• [EXERCISE AIM]: Copying rule for the data below: take the line containing "Heera Kesar Mango Pulp Sweented" and every line after it to the end, exactly, and drop all pictures.

*** THE DATA Section Begins ***

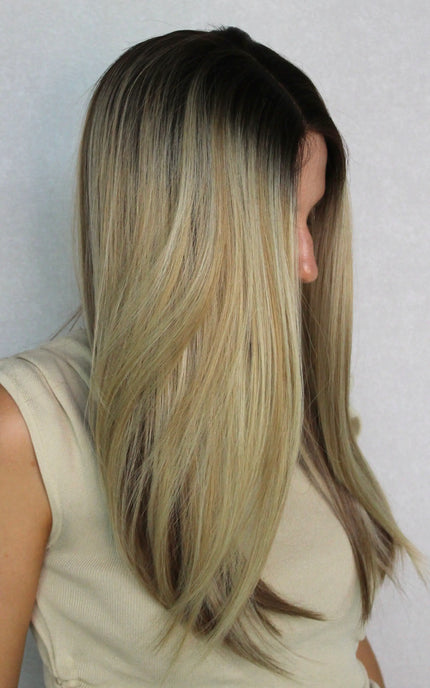 Lace Front Caramel Blonde and Brunette Synthetic – Malibu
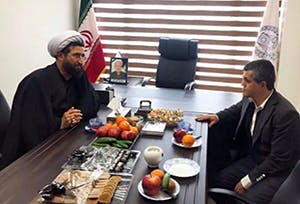 زارع فومنی و یاسر هاشمی رفسنجانی در دفتر فومنی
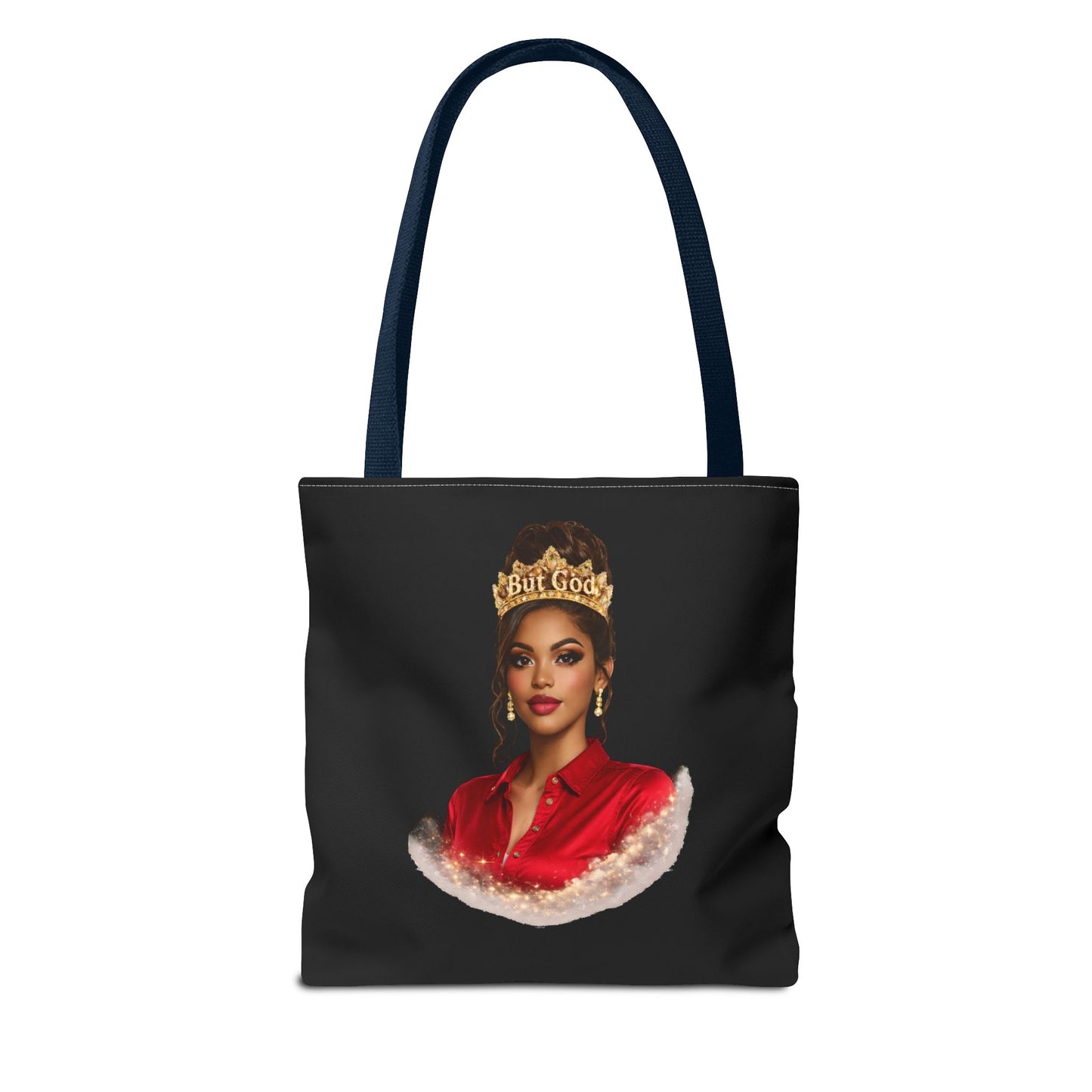 "But God" Portrait Tote Bag — Elegant Royalty Art Tote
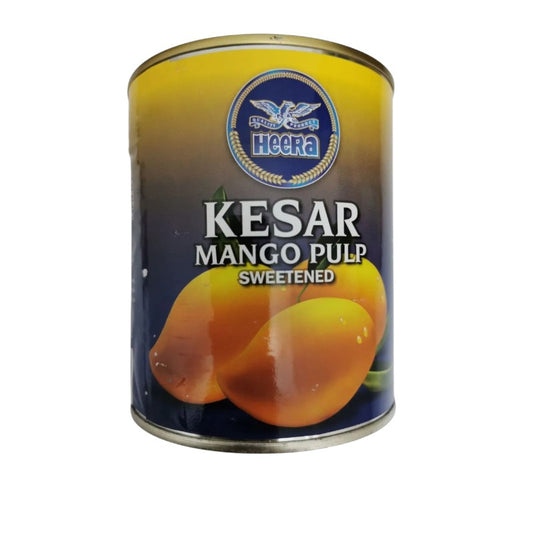 Heera Kesar Mango Pulp Sweented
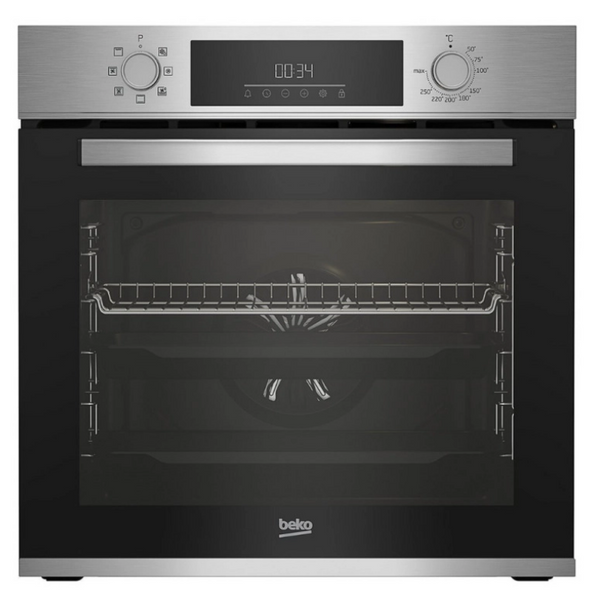 Beko Beyond Four encastrable 72L, 8 fonctions cuisson, Aeroperfect 3D, nettoyage vapeur SteamShine, sécurité enfant (BBIM12300X)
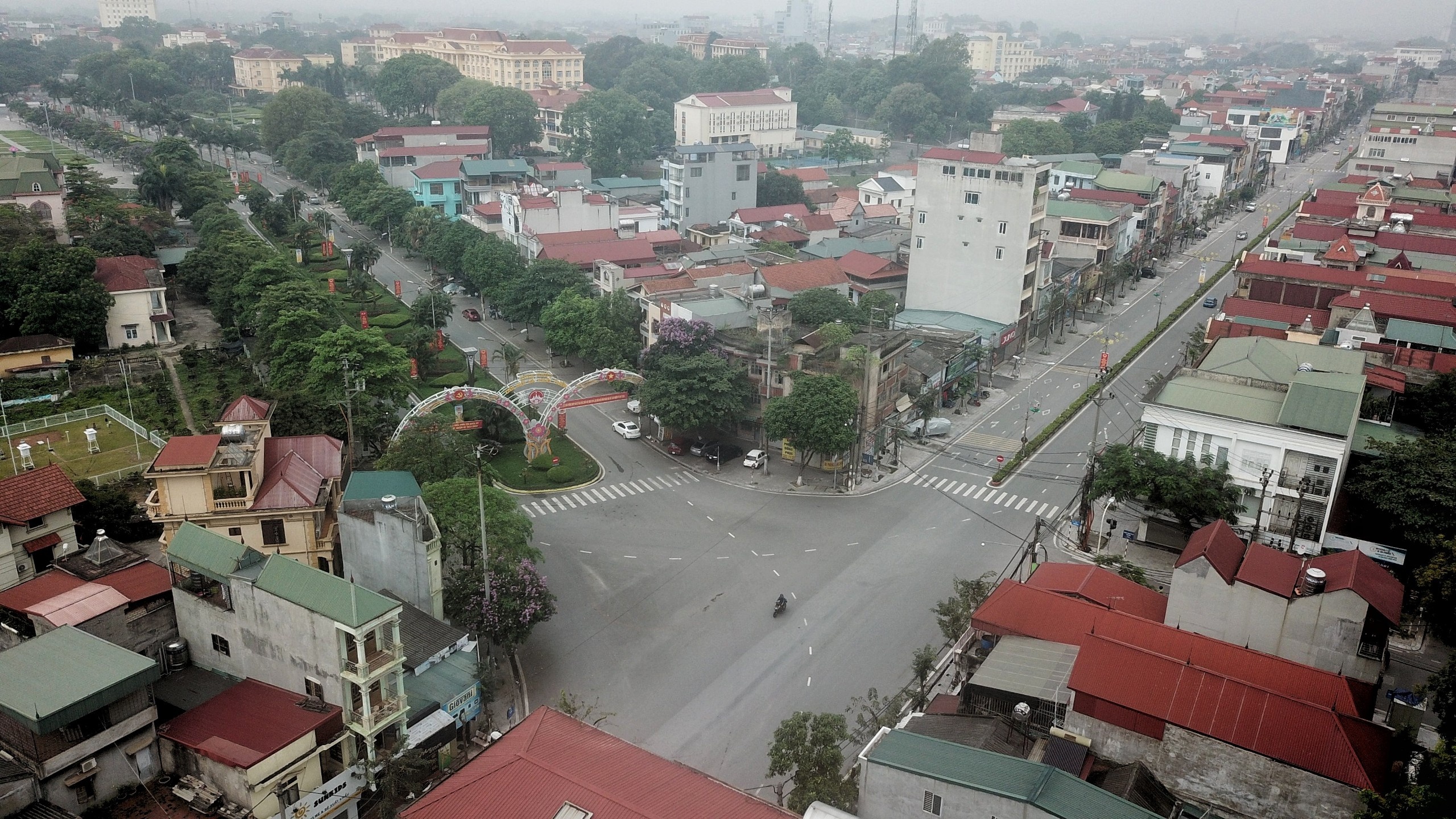 Vinh Yen cach ly xa hoi anh 1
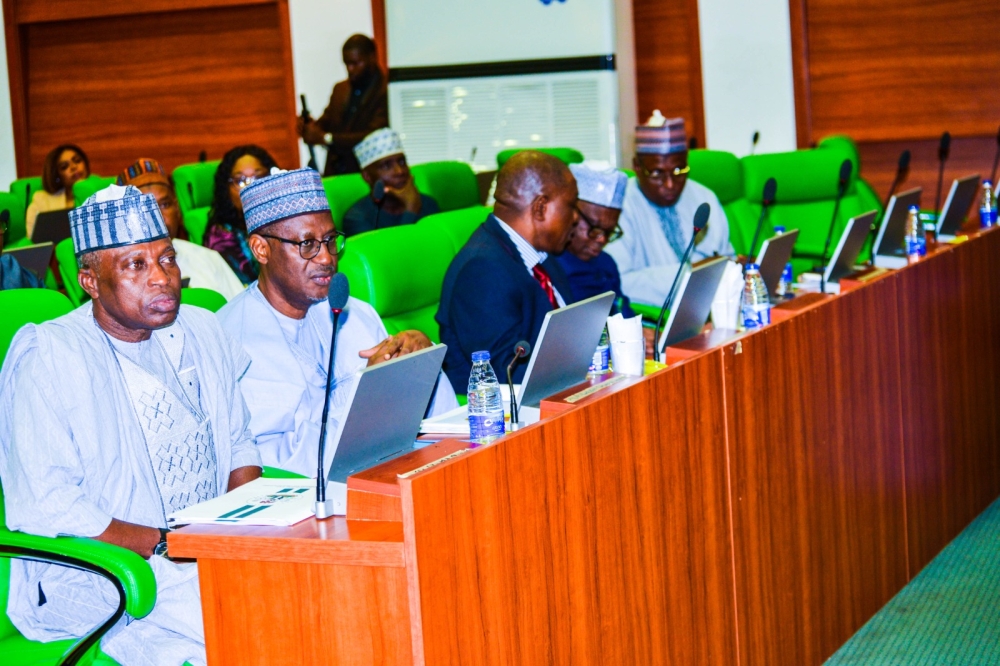 Minister and Minister of State, Housing and Urban Development, Arc. Ahmed Musa Dangiwa and Rt. Hon Abdullahi Yusuf Ata, during the Interactive Session with the House of Representatives Committee on Housing and Habitat.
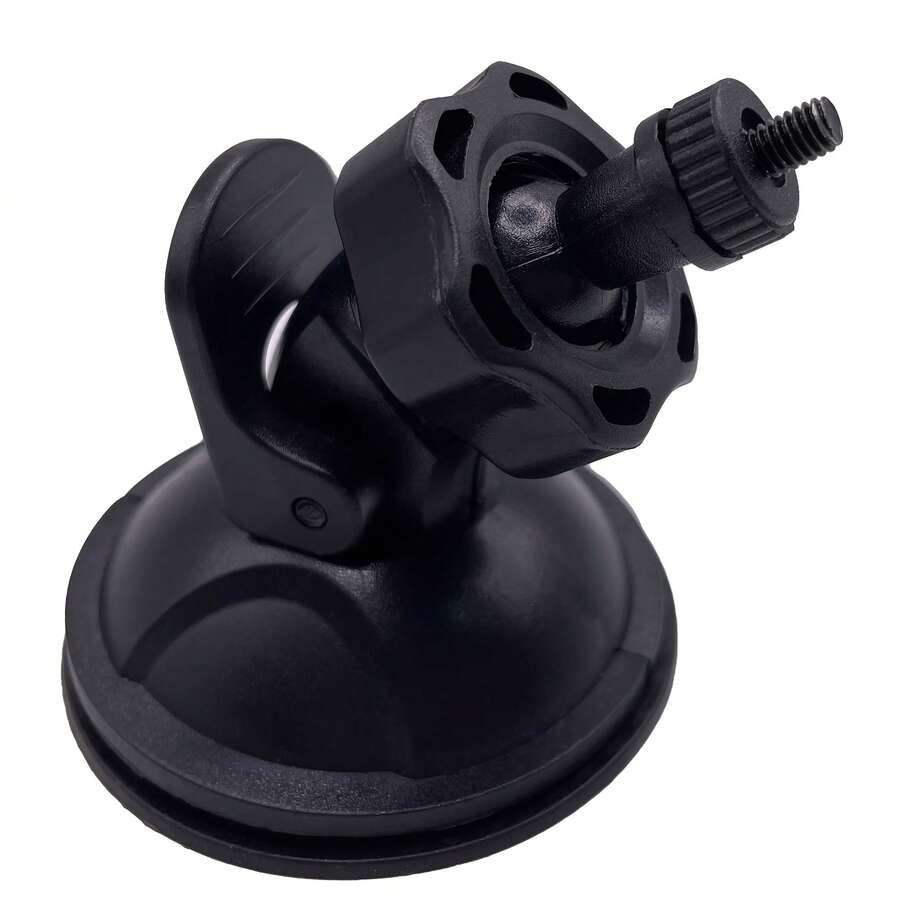 Suction Cup Mount With Universal 4mm/0.16" 360° Rotatable Ball Head, Interchangeable Accessories, Compatible With Dash Cam, DVR Camera, Car GPS - A - View 1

*** THE DATA Section Ends ***

• [RESPONSE AREA]:
 Heera Kesar Mango Pulp Sweented
 Beko Beyond Four encastrable 72L, 8 fonctions cuisson, Aeroperfect 3D, nettoyage vapeur SteamShine, sécurité enfant (BBIM12300X)
 Vinh Yen cach ly xa hoi anh 1
 Minister and Minister of State, Housing and Urban Development, Arc. Ahmed Musa Dangiwa and Rt. Hon Abdullahi Yusuf Ata, during the Interactive Session with the House of Representatives Committee on Housing and Habitat.
 Suction Cup Mount With Universal 4mm/0.16" 360° Rotatable Ball Head, Interchangeable Accessories, Compatible With Dash Cam, DVR Camera, Car GPS - A - View 1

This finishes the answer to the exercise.